[Data Boundary: Start]

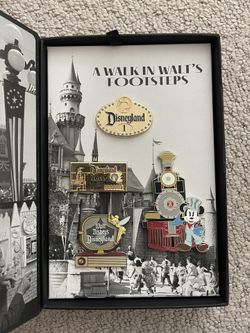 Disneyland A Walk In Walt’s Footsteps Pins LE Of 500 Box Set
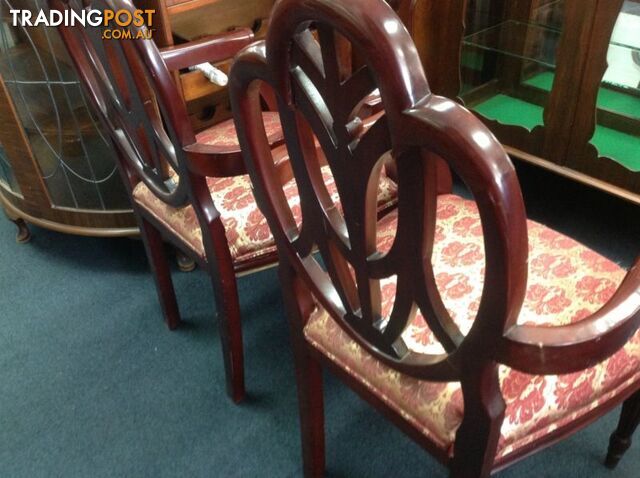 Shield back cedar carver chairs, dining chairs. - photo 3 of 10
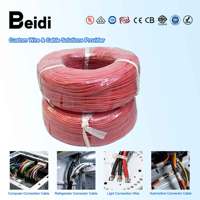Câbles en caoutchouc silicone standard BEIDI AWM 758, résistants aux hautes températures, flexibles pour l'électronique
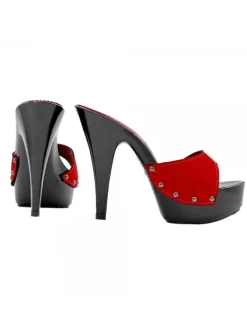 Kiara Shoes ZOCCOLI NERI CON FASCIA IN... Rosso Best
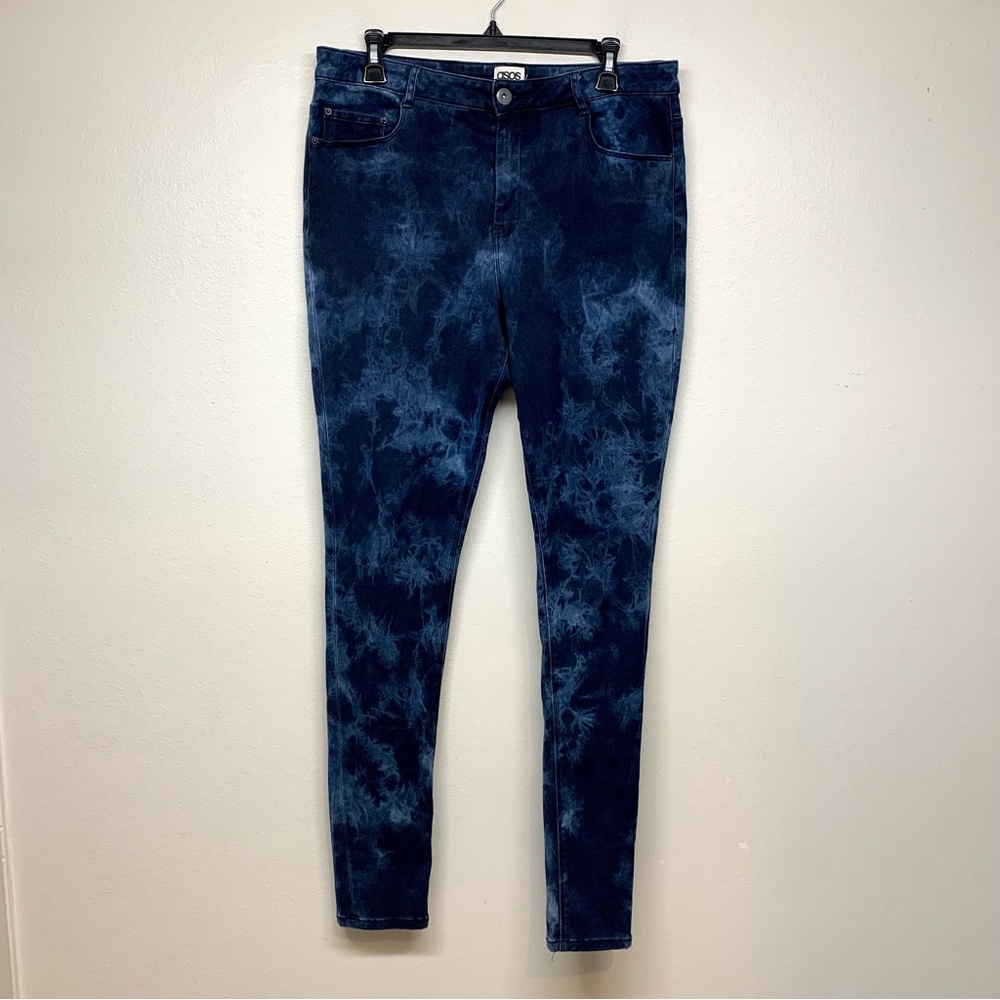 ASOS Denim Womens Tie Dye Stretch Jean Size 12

[Data Boundary: End]

# Exercise details
All of the records above are to be printed exactly, with every picture omitted.

# Written answer
 Disneyland A Walk In Walt’s Footsteps Pins LE Of 500 Box Set
 Shield back cedar carver chairs, dining chairs. - photo 3 of 10
Câbles en caoutchouc silicone standard BEIDI AWM 758, résistants aux hautes températures, flexibles pour l'électronique
 Kiara Shoes ZOCCOLI NERI CON FASCIA IN... Rosso Best
 ASOS Denim Womens Tie Dye Stretch Jean Size 12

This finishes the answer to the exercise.